LONDON, 14th April 2024. Nederlands Dans Theater’s production of Gabriela Carrizo’s La Ruta tonight won the prestigious Olivier Award for best new dance production at a glittering ceremony on London’s Royal Albert Hall.
Choreographer Gabriela Carrizo is co-artistic director of Belgian company Peeping Tom and her La Ruta was performed by NDT at Sadlers Wells Theatre in London in April last year on a double-bill with Crystal Pite and Complicité director Simon McBurney’s Figures in Extinction [1.0].
La Ruta was premiered in NDT’s home theatre, the Amare in The Hague, in May 2022. Our review of the production was as follows . . .
Gabriela Carrizo’s La Ruta (The Road), truly the stuff of which dreams are made – nightmares more like. We find ourselves on a lonely stretch of road on a dark misty night, a bus shelter our only refuge and source of light – although other lights come from myriad vehicles hurtling by. Rubbish swirls around and an orange-overalled, hard-hatted workman constantly fiddling with a roadside electricity junction box provides occasional extra illumination.

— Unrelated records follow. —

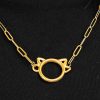 Second Chance - Cat Paper Clip Link Necklace - Gorgeous Gold ... Purrrect Gift for the Holidays! - Image 3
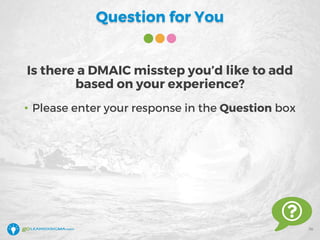 WEBINAR: Introduction to DMAIC | PDF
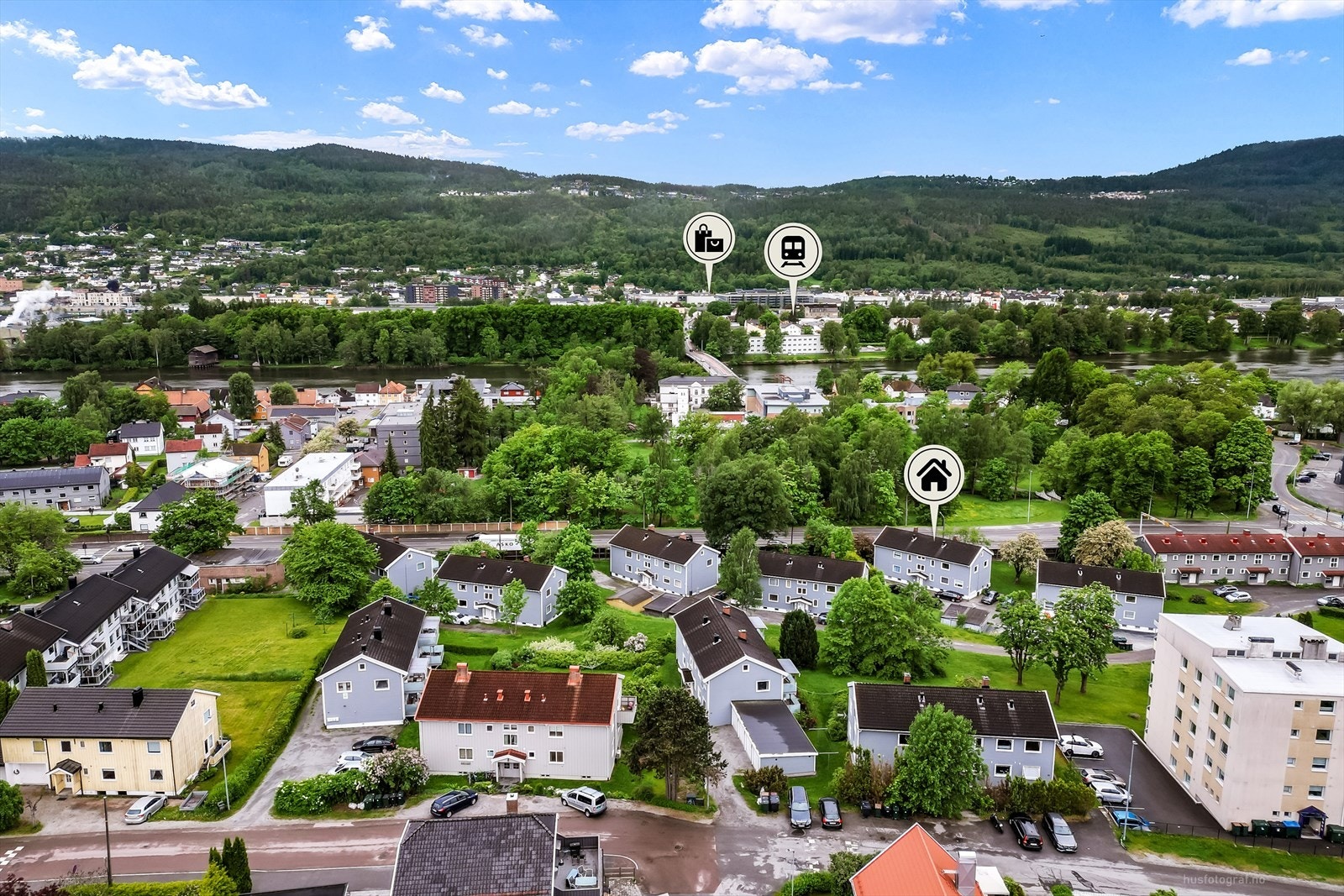 Med Gulskogen stasjon innenfor gangavstand, er det enkel tilgang til kollektivtransport. Galleribilde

What is unusual about this is that there is very little dance in the conventional sense – not that you expect convention from the NDT – it is like one of those episodic horror films but with a fair amount of writhing, although there is a very nice pas de deux at one point. The whole thing is all a bit scary, especially the sequence where a distraught young woman gets out of a car, hurling insults at the invisible occupant and doing significant damage with her handbag. There is an even more frightening bit when one of the protagonists attacks the others with a very large rock, complete with squelching sound effects as the object strikes home. Oh, and a flock of white geese flies by and provide some of the soundscape. Although La Ruta is credited to Gabriela Carrizo, it was the eight dancers who worked with her to create this amazing piece of theatre.